Here's a few thoughts on the recently completed Love the Bay drop in sessions.
On the bright side the sessions were pretty well attended, especially compared to the workshops. I would guess that approx. 150 people went along on a wet Wednesday night and even more than that on Sunday, with maybe 200+ people coming through. However, there were a lot of familiar faces from the workshops so it's hard to know how many new people the drop-in format brought out. Even with making some generous assumptions about that it's hard to see how the drop in sessions have increased the overall engagement of Island Bay residents in the Love the Bay process much above the 5% mark. It's clear that while people at the more extreme ends of the debate have been well involved the process simply hasn't engaged the vast majority of the community.
Active transport was a popular option at both drop in sessions
The downside of the reasonably good turnout was that it was quite crowded on both days and difficult to get a look at all the information on display. That problem was compounded by the sheer volume of information to look at and provide feedback on, most of which was quite technical. These were not "drop in" sessions by any stretch of the imagination. There were five different stations around the room each with four or more options to assess against the 32 design statements. For every option the feedback forms asked you to consider the advantages (what about this option will work well?), the disadvantages (what about this option will work poorly?) and ideas (how could this option be further developed?). Even if you didn't bother with trying to assess every option against every design statement you still faced filling in 20+ feedback forms and answering 60+ questions. It was obviously just too much for many people who I suspect defaulted to trying to push their preferred outcome without any real regard for the information being presented. That's a massive missed opportunity.
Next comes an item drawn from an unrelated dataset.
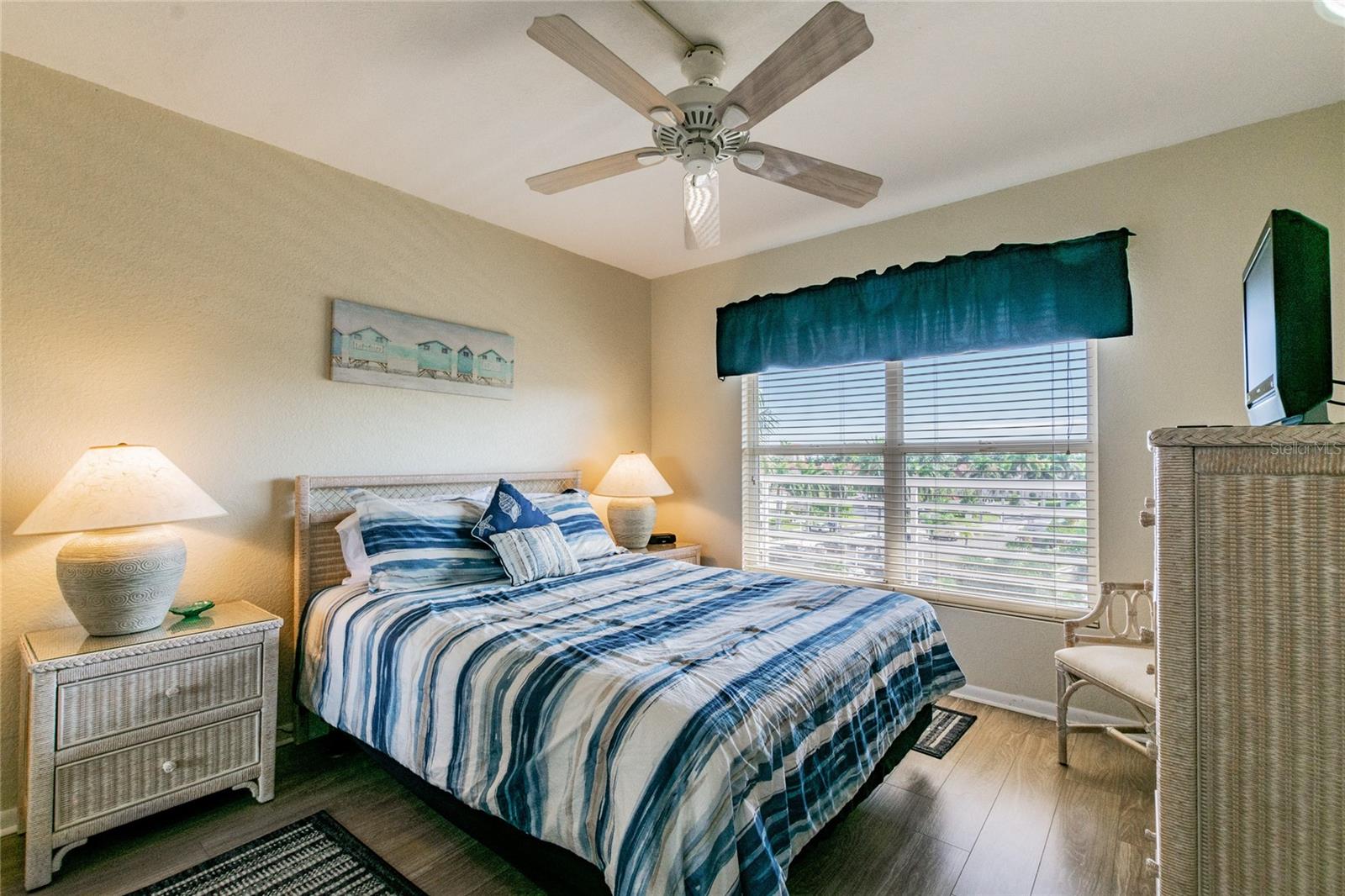 5901 BAHIA DEL MAR CIR #518, ST PETERSBURG, FL — photo 17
Island Bay residents working their way through a large amount of information
Unfortunately this was just the wrong format for what was being asked and it reinforced my view that the workshops phase of the Love the Bay process has been prematurely concluded. This is the part of the process where the rubber hits the road (no pun intended) and the hard work of deciding priorities and making trade-offs, including financial ones, needs to occur. Getting groups of residents together to discuss the all the pros and cons of the various options with facilitation and guidance from technical experts could have worked really well. At the very point where the real value of a participatory process should have been most evident it feels like it's been cut off at the knees.
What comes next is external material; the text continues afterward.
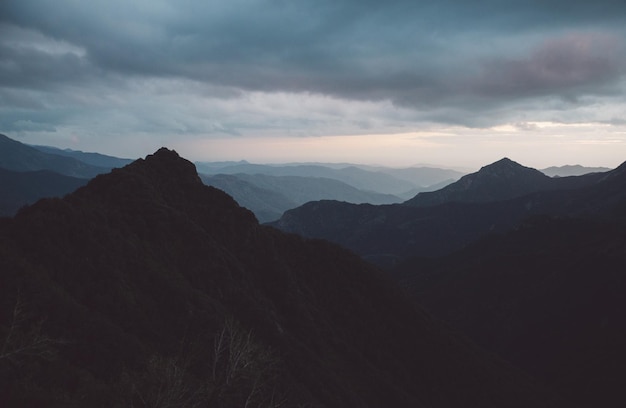 Vista panorâmica de montanhas contra o céu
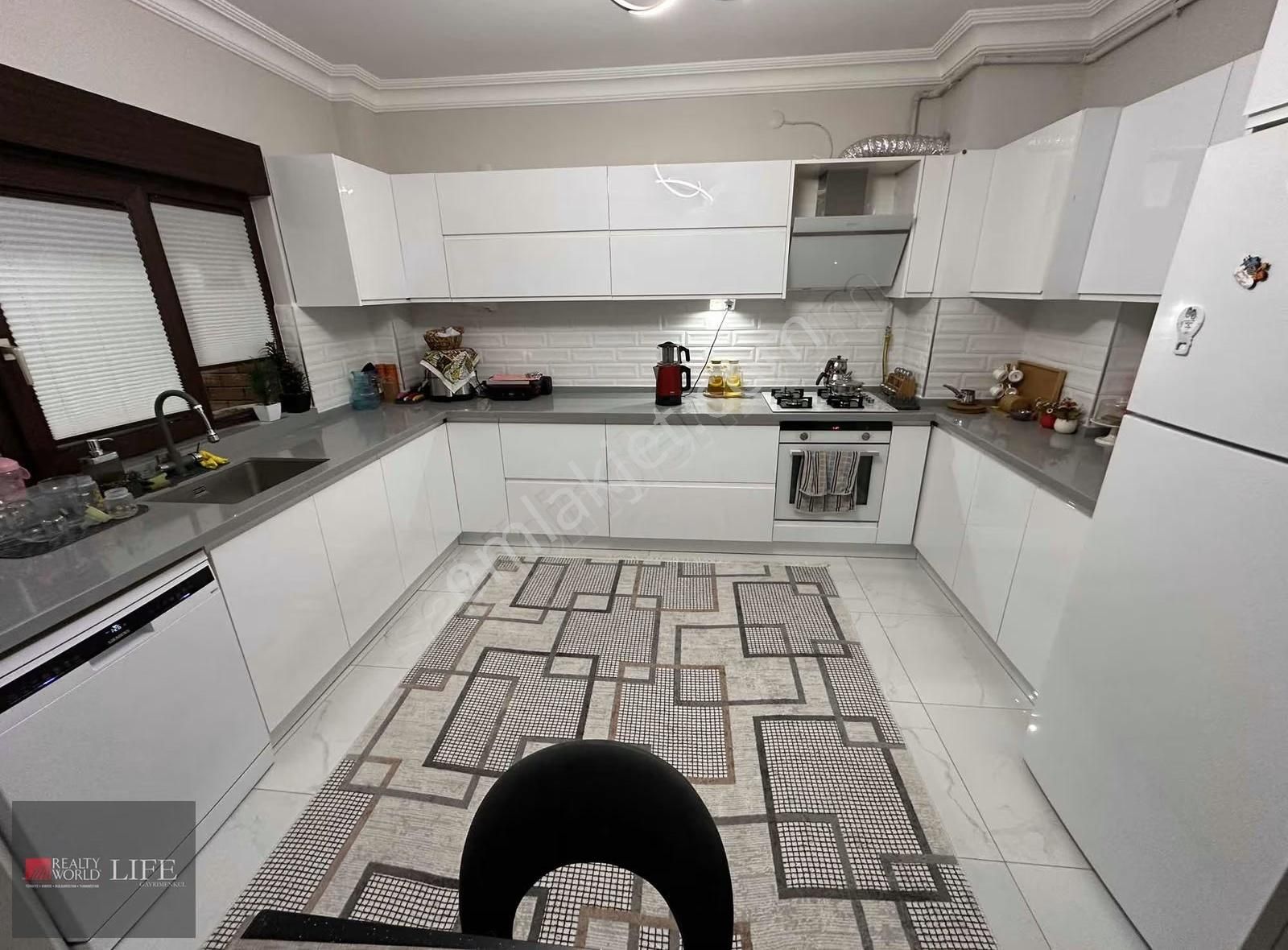 Rw Lıfe // Sümer Mahallesi Sümer Park Bölgesi Ara Kat Lüks 3+1 - Görsel 13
There also appears to be some confusion about what will happen with the feedback that was collected. Many people still seem to be under the impression that this is a numbers game and that the feedback forms are effectively 'votes'. However, the council staff I spoke to were absolutely clear that this is not the case and it's quality not quantity of feedback they are after. That's really important because...
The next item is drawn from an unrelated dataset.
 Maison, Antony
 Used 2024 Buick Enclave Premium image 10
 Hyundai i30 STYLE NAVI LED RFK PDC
There will be another opportunity to provide feedback online. If you weren't able to attend the drop in sessions or you want to supplement the feedback you've already given, you can. Keep an eye on www.lovethebay.nz over the rest of this week. Given the volume of information to consider taking some time to work through the options in the peace and quiet of your own home is probably the way to go. Hopefully the feedback period will be long enough to give the kind of quality feedback being asked for.